The resistance this generated was instructive. Some scientific communities pushed back on the legitimacy of including non-peer-reviewed knowledge in a scientific assessment. Some indigenous communities pushed back on the risk of having their knowledge appropriated, decontextualised, or used in ways that served external agendas. Both forms of resistance illuminate the same thing: genuine cross-epistemological encounter disturbs the certainties of both traditions. That disturbance is not a problem to eliminate. It is evidence that something real is happening.
When indigenous knowledge is formally included as a co-equal epistemic system alongside Western science, the synthesis produces findings that neither tradition could have reached alone — and the resistance from both sides is evidence that the encounter is genuine.
IPBES operates within a policy mandate — its purpose is to inform government decision-making, not to develop the collective consciousness of its participants. The encounter between knowledge systems is real, but it is instrumentalised: oriented toward producing policy-relevant assessments, not toward the deeper question of what sustained genuine encounter between different ways of knowing does to the people doing the encountering.
The procedural architecture for holding different epistemologies in relationship is also still underdeveloped — IPBES has made the structural commitment, but the practice of how different ways of knowing actually meet, challenge, and generate something together in real time remains a frontier it has pointed toward but not crossed.
The most important thing IPBES demonstrates for WhatIfWe is not what it achieved, but what it revealed about the resistance. When you formally position two genuinely different ways of knowing as co-equal, both traditions feel disturbed. Scientists worry about standards of evidence. Indigenous knowledge holders worry about appropriation.
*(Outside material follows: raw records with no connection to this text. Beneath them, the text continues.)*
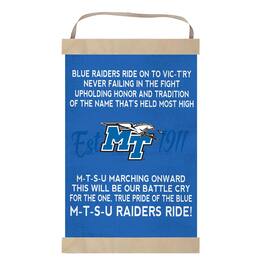 Jardine - MTSU Raiders 12'' x 20'' Fight Song Banner Sign - Blue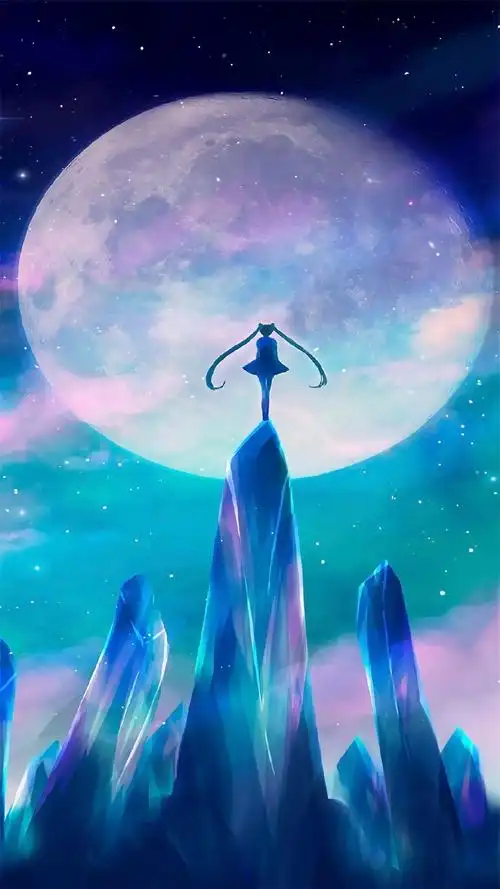 蓝紫色梦幻创意高清手机壁纸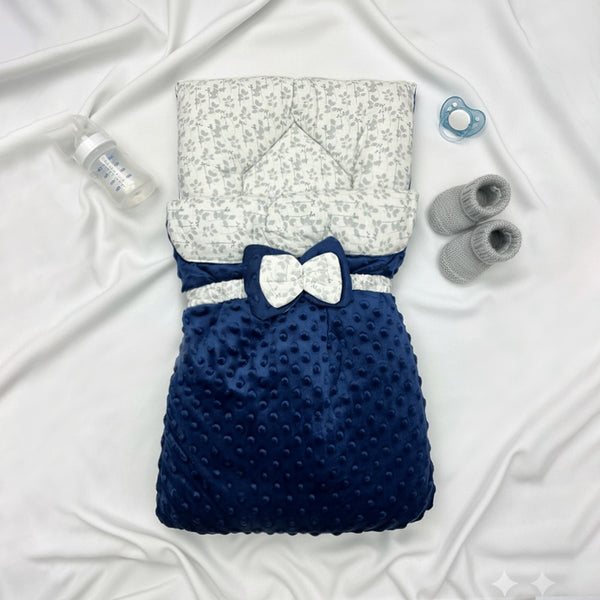 Baby Girl 2 Piece Set Blue Dots Carrynest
That bilateral discomfort is the fingerprint of genuine encounter — and learning to work with it rather than resolve it prematurely is exactly the capacity WhatIfWe's first cohorts will need to develop.
WhatIfWe is not a policy platform, so it does not inherit IPBES's constraint of instrumentalisation. The encounter it is designing is oriented not toward producing assessments, but toward developing the collective consciousness that makes genuine synthesis possible. IPBES shows what the structural commitment looks like. WhatIfWe is attempting to design for what happens in the people when that commitment is sustained over time.